Therapies for dopaminergic-induced dyskinesias in Parkinson disease.

机构信息

Department of Clinical Pharmacy, University of California, San Francisco, San Francisco, CA, USA.

出版信息

Ann Neurol. 2011 Jun;69(6):919-27. doi: 10.1002/ana.22423.

Abstract

Existing and emerging strategies for managing L-dopa-induced dyskinesias (LIDs) in patients with Parkinson disease have involved either delaying the introduction of L-dopa therapy, treatment with an antidyskinetic agent, using a therapy or delivery system that can provide continuous dopaminergic stimulation, or using novel agents that target receptors implicated in the mechanisms underlying LIDs. Treatment with dopamine agonists such as pramipexole or ropinirole allows levodopa to be delayed, but once levodopa is added to the drug regimen the usual course of onset of dyskinesias is observed. Amantadine, an N-methyl-D-aspartate antagonist, is so far the only approved compound with evidence of providing a sustained antidyskinetic benefit in the absence of unacceptable side effects. These findings support the hypothesis of glutamate overactivity in the development of dyskinesias. More continuous delivery of dopaminergic medication, such as through intraintestinal or subcutaneous routes, is promising but invasive and associated with injection site reactions.
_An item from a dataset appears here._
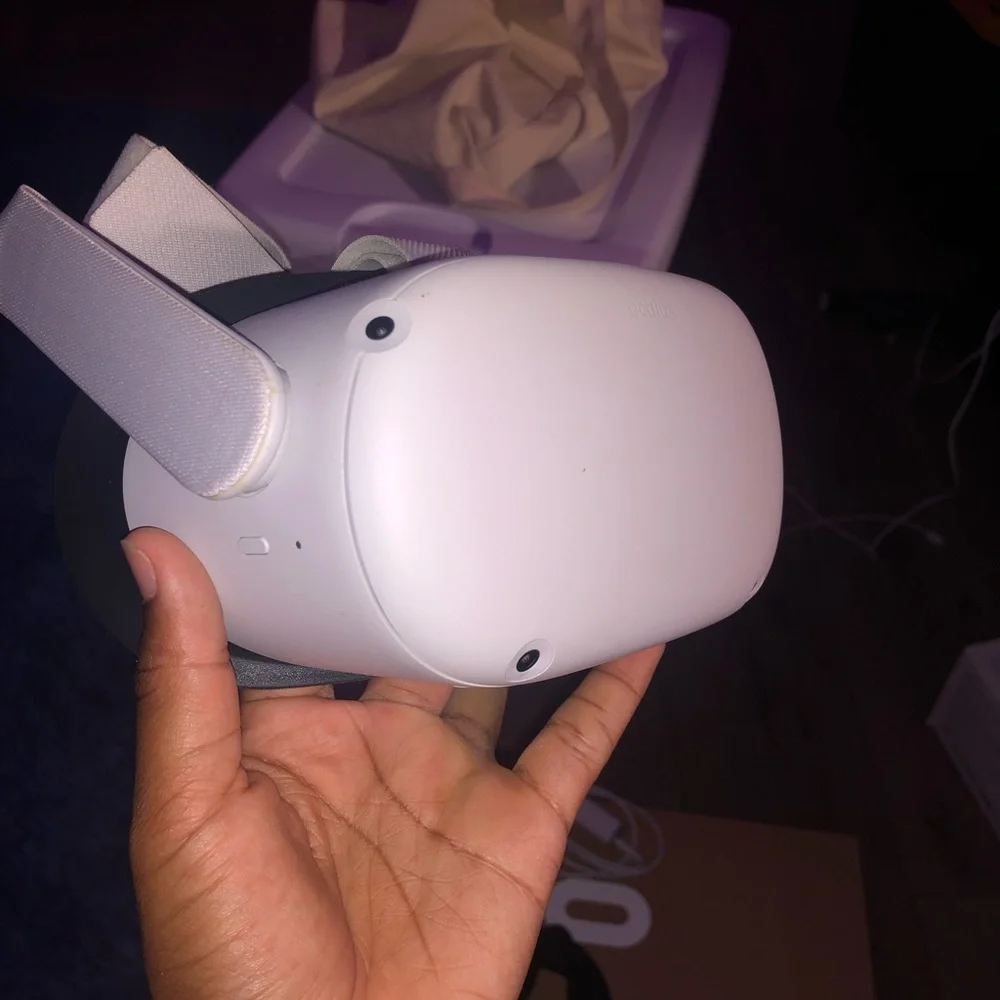 Oculus quest good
As a result of molecular research and elucidation of the role of a variety of neurotransmitters in the mechanism of LIDs, new compounds have been identified, including those that modulate the direct and indirect striatal output pathways; some of these new agents are in the early stages of development or undergoing proof-of-concept evaluation as antidyskinetic agents.

摘要

现有的和新兴的策略来管理左旋多巴诱导的运动障碍(LIDs)在帕金森病患者中,要么延迟左旋多巴治疗的引入,要么用抗运动障碍药物治疗,要么使用一种能提供持续多巴胺刺激的治疗或给药系统,要么使用针对LIDs 发病机制中涉及的受体的新型药物。用多巴胺激动剂,如普拉克索或罗匹尼罗治疗可以延迟左旋多巴的使用,但一旦左旋多巴加入药物治疗方案,通常会观察到运动障碍的发生。金刚烷胺,一种 N-甲基-D-天冬氨酸拮抗剂,是迄今为止唯一一种有证据表明在没有不可接受的副作用的情况下提供持续抗运动障碍益处的批准药物。这些发现支持谷氨酸过度活动在运动障碍发展中的假说。更持续地输送多巴胺药物,如通过肠内或皮下途径,是有前途的,但具有侵入性,并且与注射部位反应有关。由于分子研究和阐明各种神经递质在 LIDs 机制中的作用,已经确定了新的化合物,包括那些调节直接和间接纹状体输出途径的化合物;其中一些新的药物正处于早期开发阶段,或正在进行作为抗运动障碍药物的概念验证评估。